Ancak bu araştırmadan ortaya çıkan ve Dünya’da uygulanabilecek teknolojik gelişmeler var mı? Strese bağlı genetik değişiklikler hakkında öğrenilenler, kuraklığa daha dayanıklı mahsuller geliştirmek için kullanılabilir mi? Veya daha yüksek seviyelerde metalleri tolere edebilen bitkiler?
Ay’da bitki yetiştirmenin, Dünya’da bahçelerin daha yeşil olmasına yardımcı olması büyük bir başarı olurdu.
(Yazar: Monica GradyGezegen ve Uzay Bilimleri Profesörü, Açık Üniversite)
Açıklama bildirimi: Monica Grady, Açık Üniversite’de Gezegen ve Uzay Bilimleri Profesörüdür. STFC ve Birleşik Krallık Uzay Ajansı’ndan fon alıyor. Liverpool Hope Üniversitesi Rektörü ve Doğa Tarihi Müzesi’nde Kıdemli Araştırma Görevlisidir.

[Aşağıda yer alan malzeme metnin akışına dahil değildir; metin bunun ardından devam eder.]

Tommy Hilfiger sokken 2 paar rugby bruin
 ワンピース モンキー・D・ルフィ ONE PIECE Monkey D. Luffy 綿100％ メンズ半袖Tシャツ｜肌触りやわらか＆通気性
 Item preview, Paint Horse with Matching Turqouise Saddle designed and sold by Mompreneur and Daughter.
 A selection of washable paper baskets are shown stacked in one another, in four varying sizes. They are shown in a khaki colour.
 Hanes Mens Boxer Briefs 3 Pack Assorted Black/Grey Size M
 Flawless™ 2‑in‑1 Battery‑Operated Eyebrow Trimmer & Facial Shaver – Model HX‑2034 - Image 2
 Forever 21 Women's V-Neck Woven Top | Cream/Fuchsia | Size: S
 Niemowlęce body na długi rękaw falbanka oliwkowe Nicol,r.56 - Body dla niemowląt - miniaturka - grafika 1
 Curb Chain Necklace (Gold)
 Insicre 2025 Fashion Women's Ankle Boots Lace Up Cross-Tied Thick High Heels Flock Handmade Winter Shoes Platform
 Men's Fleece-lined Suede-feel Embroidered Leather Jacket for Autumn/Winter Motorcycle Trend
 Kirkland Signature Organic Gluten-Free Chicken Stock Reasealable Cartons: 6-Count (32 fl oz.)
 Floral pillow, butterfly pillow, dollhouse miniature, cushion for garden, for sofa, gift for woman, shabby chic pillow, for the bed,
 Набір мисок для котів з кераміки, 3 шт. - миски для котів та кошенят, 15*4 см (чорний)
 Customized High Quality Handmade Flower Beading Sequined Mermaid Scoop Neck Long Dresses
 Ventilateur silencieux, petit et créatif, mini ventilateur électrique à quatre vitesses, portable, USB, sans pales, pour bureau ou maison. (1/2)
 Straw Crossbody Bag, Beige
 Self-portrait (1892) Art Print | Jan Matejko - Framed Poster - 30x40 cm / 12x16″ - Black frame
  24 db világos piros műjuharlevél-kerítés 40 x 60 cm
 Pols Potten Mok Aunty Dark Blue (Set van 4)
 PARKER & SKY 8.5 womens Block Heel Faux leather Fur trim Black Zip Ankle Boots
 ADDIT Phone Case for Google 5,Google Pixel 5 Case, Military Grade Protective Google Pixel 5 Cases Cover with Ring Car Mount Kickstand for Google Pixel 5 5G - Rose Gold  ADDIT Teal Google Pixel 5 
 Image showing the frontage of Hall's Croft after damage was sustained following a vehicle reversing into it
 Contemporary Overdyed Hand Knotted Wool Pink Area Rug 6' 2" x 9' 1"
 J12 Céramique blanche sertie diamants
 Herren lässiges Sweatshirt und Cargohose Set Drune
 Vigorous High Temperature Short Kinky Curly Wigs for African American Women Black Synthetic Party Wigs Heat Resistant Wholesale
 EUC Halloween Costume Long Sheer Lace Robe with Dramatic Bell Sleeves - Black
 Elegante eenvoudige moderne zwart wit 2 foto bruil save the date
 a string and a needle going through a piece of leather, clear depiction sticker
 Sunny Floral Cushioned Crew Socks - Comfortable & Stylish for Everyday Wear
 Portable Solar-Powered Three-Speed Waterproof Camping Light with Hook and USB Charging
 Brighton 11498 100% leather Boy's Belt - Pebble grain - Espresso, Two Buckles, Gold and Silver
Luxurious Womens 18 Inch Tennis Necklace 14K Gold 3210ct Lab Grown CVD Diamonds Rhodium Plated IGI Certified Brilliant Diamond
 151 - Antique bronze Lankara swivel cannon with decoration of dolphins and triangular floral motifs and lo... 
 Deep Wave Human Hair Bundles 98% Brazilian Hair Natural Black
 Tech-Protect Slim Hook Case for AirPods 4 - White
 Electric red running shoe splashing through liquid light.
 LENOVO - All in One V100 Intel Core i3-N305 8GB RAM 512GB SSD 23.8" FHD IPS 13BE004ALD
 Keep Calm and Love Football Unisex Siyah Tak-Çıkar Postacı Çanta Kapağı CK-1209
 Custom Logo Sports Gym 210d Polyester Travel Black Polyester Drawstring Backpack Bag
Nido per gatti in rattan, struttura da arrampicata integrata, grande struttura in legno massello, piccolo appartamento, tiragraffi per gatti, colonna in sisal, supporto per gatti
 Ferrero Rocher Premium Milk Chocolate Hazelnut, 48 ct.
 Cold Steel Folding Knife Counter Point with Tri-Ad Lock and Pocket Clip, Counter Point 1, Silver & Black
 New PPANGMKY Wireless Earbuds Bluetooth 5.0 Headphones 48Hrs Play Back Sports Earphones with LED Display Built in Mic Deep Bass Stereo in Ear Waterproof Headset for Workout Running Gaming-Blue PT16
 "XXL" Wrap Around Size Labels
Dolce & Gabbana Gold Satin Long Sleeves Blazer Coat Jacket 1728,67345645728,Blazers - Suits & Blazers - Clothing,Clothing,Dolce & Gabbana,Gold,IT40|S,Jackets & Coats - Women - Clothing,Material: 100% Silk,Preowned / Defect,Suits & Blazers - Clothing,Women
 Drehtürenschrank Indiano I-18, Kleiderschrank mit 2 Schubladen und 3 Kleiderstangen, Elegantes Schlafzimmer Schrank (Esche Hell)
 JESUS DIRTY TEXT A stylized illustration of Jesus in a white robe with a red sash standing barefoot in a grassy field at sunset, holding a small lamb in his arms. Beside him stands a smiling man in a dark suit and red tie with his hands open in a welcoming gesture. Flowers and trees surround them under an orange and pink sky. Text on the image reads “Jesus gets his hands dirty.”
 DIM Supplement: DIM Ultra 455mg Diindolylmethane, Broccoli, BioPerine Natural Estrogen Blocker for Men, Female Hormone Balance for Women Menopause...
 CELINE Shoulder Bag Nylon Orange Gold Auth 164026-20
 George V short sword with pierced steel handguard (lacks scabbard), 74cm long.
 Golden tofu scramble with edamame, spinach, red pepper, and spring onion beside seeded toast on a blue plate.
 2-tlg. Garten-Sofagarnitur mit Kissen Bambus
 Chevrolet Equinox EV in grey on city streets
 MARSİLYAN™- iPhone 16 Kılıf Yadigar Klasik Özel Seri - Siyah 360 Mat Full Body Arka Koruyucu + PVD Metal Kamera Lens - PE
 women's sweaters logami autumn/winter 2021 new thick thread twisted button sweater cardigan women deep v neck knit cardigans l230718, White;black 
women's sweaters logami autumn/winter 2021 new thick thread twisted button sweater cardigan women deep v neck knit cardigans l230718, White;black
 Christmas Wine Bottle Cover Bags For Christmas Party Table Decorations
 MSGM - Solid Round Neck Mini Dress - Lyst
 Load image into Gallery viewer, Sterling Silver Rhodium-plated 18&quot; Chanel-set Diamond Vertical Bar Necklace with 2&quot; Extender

Onu Twitter’da takip edin @MonicaGrady
Bu makale şuradan yeniden yayınlandı: Konuşma Creative Commons lisansı altında. Okumak orijinal makale.
(Başlık dışında, bu haber NDTV çalışanları tarafından düzenlenmemiştir ve ortak bir yayından yayınlanmıştır.)